TNW had a conversation with Cambridge University scholar Aleksandr Kogan, one of the architects of Cambridge Analytica’s Facebook targeting model, to learn how exactly the statistical model processed Facebook data for use in targeting and influencing voters:
In 2013, Cambridge University researchers Michal Kosinski, David Stillwell and Thore Graepel published an article on the predictive power of Facebook data, using information gathered through an online personality test. Their initial analysis was nearly identical to that used on the Netflix Prize, using SVD to categorize both users and things they “liked” into the top 100 factors.
The paper showed that a factor model made with users’ Facebook “likes” alone was 95 percent accurate at distinguishing between black and white respondents, 93 percent accurate at distinguishing men from women, and 88 percent accurate at distinguishing people who identified as gay men from men who identified as straight.
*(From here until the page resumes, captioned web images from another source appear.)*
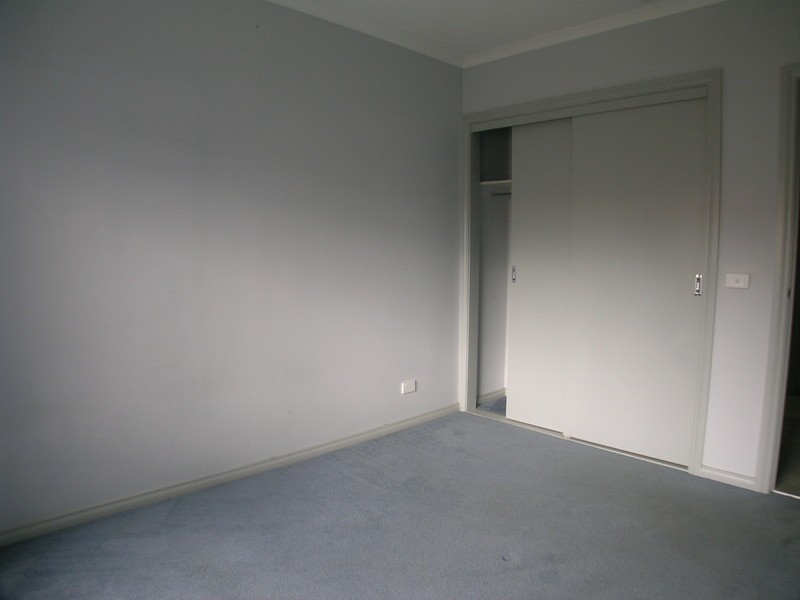 2/30 Prospect Street, Glenroy VIC 3046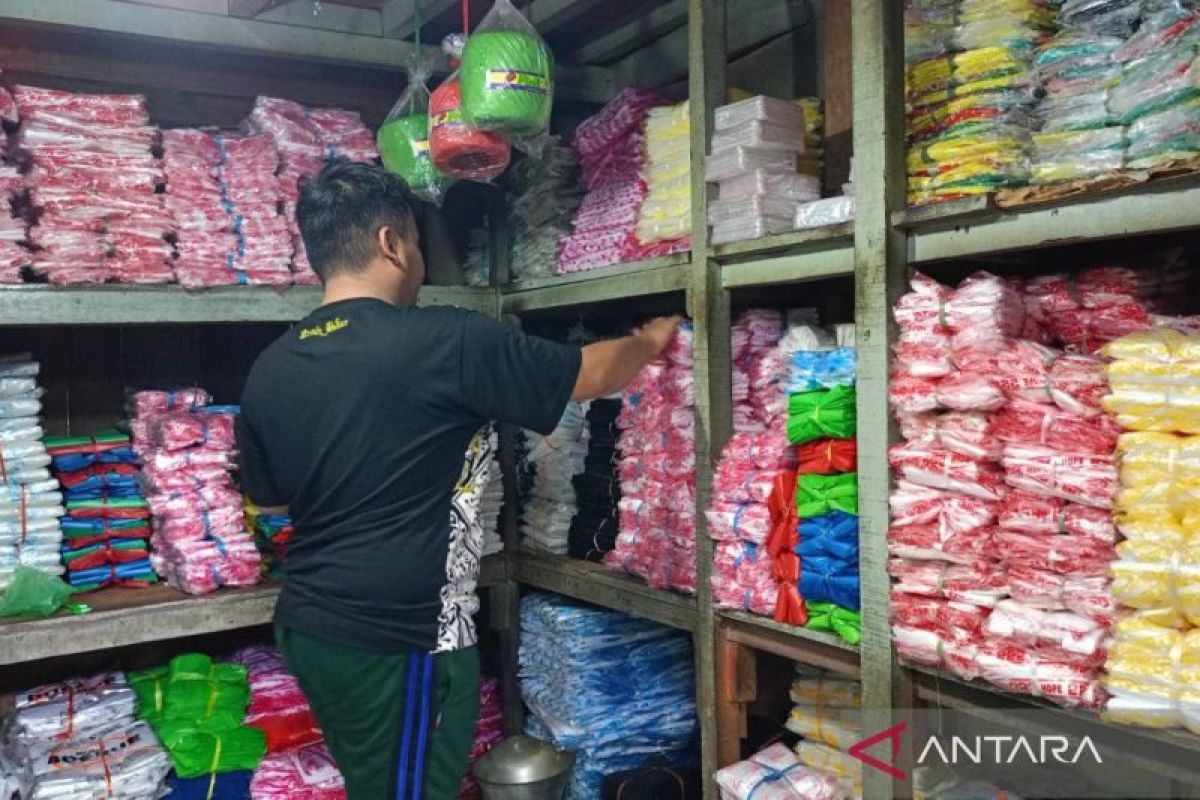Polystyrene remains difficult to replace in industry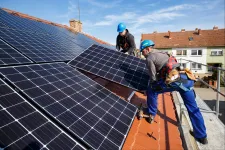 Kevesli a napelemes árambetáplálásért kapott pénzt? Van alternatív út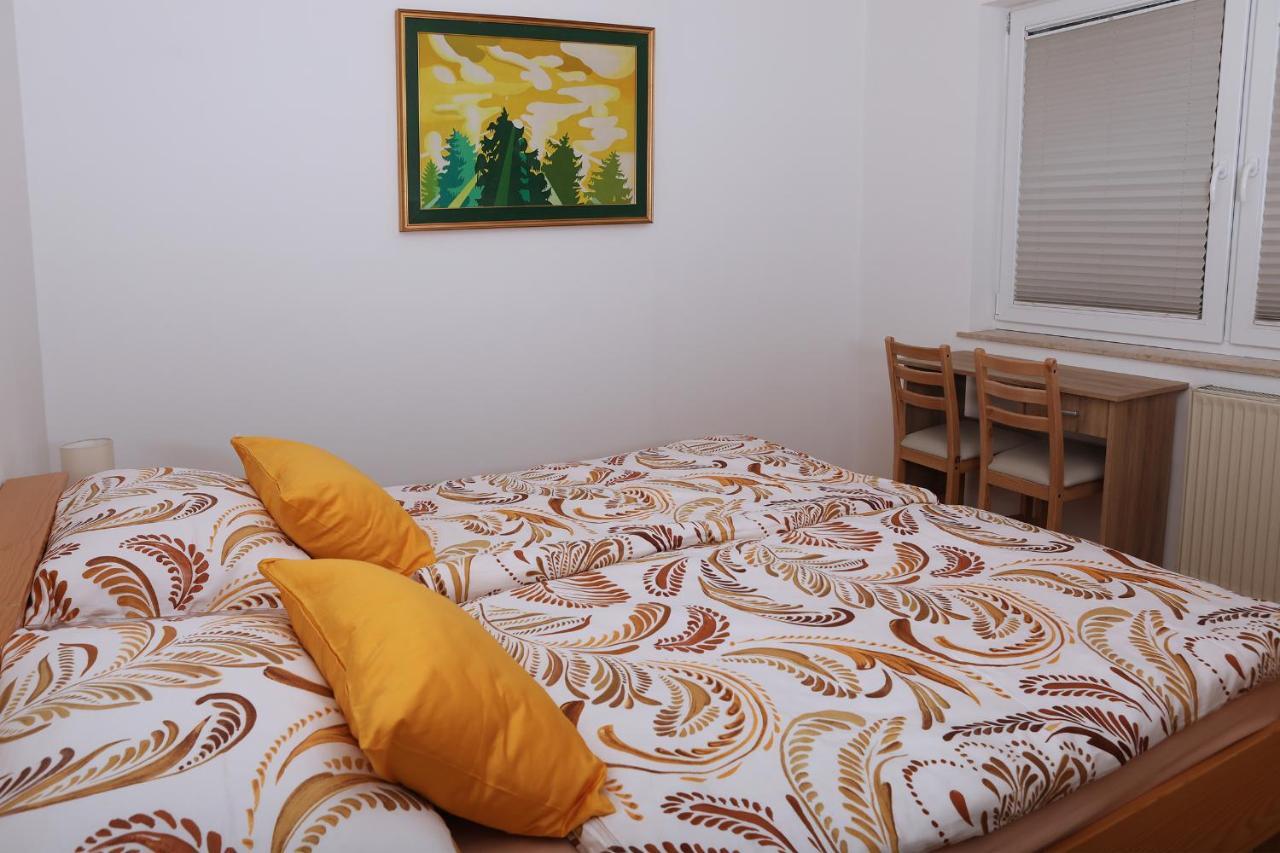 Apartma Dolinar Gorenja Vas  المظهر الخارجي الصورة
It could even correctly distinguish Republicans from Democrats 85 percent of the time.
It was also useful, though not as accurate, for predicting users’ scores on the “Big Five” personality test.
This is exactly why allowing nefarious companies like Cambridge Analytica to use personal data provided to Facebook is extremely dangerous. It becomes rather easy to profile and subsequently target people with scary accuracy. The average Facebook user never stops to consider the potential unintended consequences of their providing data to the platform. They merely look at the immediate benefit rather than the long term effect.
Knowing how the model is built helps explain Cambridge Analytica’s apparently contradictory statements about the role – or lack thereof – that personality profiling and psychographics played in its modeling. They’re all technically consistent with what Kogan describes.
A model like Kogan’s would give estimates for every variable available on any group of users. That means it would automatically estimate the Big Five personality scores for every voter. But these personality scores are the output of the model, not the input. All the model knows is that certain Facebook likes, and certain users, tend to be grouped together.
With this model, Cambridge Analytica could say that it was identifying people with low openness to experience and high neuroticism. But the same model, with the exact same predictions for every user, could just as accurately claim to be identifying less educated older Republican men.
Using statistics to influence the response to appear as if the data use was less evil than reality.